Così la presentazione all’Auditorium parco della Musica de “L’inganno”, scritto dal giornalista e saggista Alessandro Barbano ed edito da Marsilio, si trasforma in un faccia a faccia vibrante. A cui non sono estranei gli altri due protagonisti del dibattito: il giornalista e storico Paolo Mieli e il segretario nazionale delle Camere Penali, Eriberto Rosso, la cui adesione alle tesi del libro è esplicita. A moderare l’incontro la giornalista Eva Giovannini.

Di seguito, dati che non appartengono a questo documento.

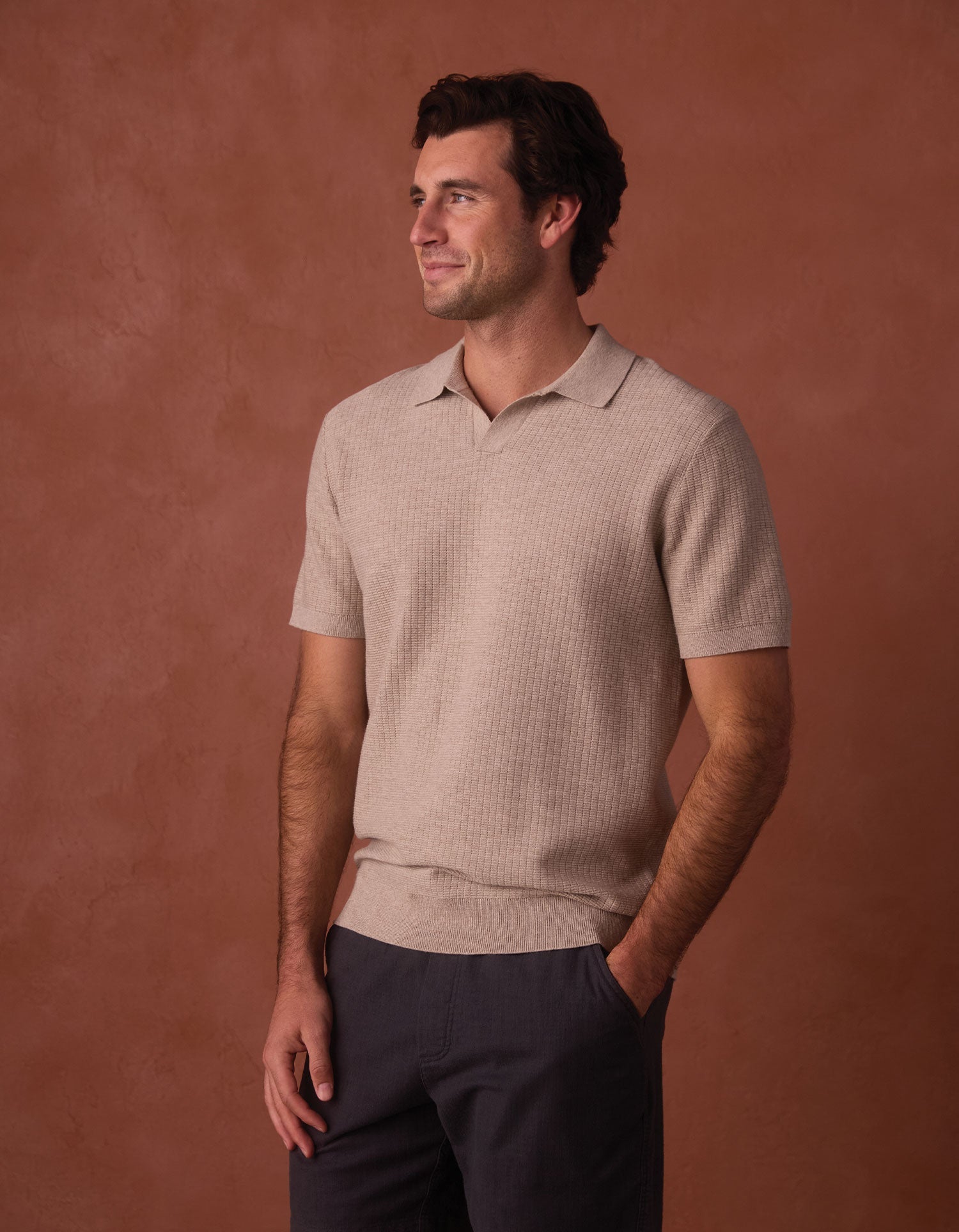 Breezeknit Short Sleeve Polo Flax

Così una platea di trecento invitati, tra cui rappresentanti delle istituzioni, della politica, dell’impresa e delle professioni, come Gianni Letta, Paolo Savona, Carlo Calenda, Maria Elena Boschi, Matteo Richetti, Renato Brunetta, Lucia Annibali, Roberto Giachetti, Lorenzo Bini Smaghi, Lorenzo Casini, Veronica De Romanis, Danilo Iervolino, Gianni Lettieri, Gabriella Giammanco, Annamaria Malato, Luca De Fusco, Francesco Tagliente, Enzo Cardellicchio, assiste a un confronto serrato sulla crisi della giustizia penale e sulla deriva dell’Antimafia, che il libro di Barbano definisce un sistema dove l’eccezione diventa regola. Con l’effetto che confische e sequestri colpiscono migliaia di cittadini e imprenditori mai processati, o piuttosto assolti, sentenze anticipano leggi, pene crescono al diminuire dei reati e una falsa retorica professa l’idea che il rovesciamento dello Stato di diritto sia necessario alla vittoria sulla malavita.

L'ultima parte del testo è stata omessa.